Full answer is here: http://ynglingasaga.wordpress.com/2010/06/30/further-argument-with-john-wright/

This answer is so woefully inadequate that it cannot even be mocked with the mockery it deserves.

From the premise “drinking alcohol can effect your powers of concentration” the conclusion “all non-empirical statements of any kind whatsoever in this or any possible universe, including statements about abstract concepts such as justice,  can be reduced to descriptions of the mechanical causes of eternal pressures affecting brain atom motions, so that what seems to be a statement about justice is merely a report of a person reciting his own internal brain-atom-motion algorithm of that part of the cortex that reacts to encoding on the topic of justice, etc.” does not follow.

Our Viking friend simply assumes that we would all would agree that an hallucination of the smell of a rose caused by electrochemical stimulation of the brain is the same in every way as the scent of a real rose smelled with a real nose in reality.

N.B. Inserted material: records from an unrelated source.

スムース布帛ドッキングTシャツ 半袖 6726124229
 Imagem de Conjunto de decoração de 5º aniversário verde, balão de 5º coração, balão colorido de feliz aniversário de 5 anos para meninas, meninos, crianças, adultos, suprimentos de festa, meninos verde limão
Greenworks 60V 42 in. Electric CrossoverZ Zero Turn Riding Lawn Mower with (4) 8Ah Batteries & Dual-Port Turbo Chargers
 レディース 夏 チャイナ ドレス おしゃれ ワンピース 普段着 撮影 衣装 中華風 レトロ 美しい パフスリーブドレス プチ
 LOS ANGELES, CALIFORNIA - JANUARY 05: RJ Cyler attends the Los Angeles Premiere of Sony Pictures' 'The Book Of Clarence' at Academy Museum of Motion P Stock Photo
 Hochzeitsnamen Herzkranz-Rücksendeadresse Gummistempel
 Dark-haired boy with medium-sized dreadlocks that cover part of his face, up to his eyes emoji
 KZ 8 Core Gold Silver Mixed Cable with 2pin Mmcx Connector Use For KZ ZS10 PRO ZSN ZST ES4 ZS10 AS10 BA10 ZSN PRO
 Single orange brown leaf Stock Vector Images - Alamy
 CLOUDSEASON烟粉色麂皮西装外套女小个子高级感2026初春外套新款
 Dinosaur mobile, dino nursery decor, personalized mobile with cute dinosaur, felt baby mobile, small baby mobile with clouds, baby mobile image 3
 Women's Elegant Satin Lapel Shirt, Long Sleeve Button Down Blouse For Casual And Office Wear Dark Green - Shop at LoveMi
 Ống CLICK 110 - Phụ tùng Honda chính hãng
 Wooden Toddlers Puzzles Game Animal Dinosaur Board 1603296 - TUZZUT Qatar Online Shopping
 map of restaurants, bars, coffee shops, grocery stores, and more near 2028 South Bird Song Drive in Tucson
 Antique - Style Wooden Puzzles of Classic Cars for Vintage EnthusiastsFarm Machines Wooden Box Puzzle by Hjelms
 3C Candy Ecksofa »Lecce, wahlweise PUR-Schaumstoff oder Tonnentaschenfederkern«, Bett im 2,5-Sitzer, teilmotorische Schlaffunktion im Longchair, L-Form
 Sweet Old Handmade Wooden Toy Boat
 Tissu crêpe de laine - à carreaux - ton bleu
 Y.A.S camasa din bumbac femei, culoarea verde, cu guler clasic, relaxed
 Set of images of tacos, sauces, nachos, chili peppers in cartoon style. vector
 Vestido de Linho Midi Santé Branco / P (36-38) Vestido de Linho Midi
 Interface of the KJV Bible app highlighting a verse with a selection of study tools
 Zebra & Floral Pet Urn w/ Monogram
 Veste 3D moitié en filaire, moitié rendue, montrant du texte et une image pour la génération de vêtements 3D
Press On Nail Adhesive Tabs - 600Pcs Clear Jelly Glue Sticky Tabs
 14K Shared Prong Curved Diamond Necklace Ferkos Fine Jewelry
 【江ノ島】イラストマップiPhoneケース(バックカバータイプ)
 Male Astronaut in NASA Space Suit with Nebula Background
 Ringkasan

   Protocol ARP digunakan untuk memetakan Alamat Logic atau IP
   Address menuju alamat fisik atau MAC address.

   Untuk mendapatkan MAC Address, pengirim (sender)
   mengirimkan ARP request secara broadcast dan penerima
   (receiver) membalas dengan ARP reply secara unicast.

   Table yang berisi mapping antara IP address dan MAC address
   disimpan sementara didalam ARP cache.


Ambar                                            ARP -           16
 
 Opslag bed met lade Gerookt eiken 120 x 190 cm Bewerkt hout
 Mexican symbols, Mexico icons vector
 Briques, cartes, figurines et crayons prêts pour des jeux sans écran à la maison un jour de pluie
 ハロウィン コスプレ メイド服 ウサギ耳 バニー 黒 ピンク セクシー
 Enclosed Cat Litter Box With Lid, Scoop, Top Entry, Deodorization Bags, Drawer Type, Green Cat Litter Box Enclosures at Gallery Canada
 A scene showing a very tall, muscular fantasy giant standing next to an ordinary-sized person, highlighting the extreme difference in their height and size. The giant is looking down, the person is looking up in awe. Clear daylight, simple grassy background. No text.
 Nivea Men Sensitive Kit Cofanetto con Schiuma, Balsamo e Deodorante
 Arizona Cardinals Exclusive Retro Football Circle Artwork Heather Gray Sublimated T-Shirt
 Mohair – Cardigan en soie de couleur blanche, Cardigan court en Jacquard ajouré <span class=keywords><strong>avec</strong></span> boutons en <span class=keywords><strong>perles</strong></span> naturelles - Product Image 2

The map is the territory, the word is the thing it represents, justice is not an abstract concept, it is a mere report or recitation of the position of brain atoms in the cortex.

Not only does this not follow, but if we substitute the word ‘materialism’ for the word ‘justice’ we are left with a self-refuting statement: materialism is the proposition that materialism is not a concept, it is merely a report or recitation of the position of brain atoms in the cortex.

The real answer, of course, is that materialism is a metaphysical proposition, not an empirical or scientific conclusion of any observation or experiment.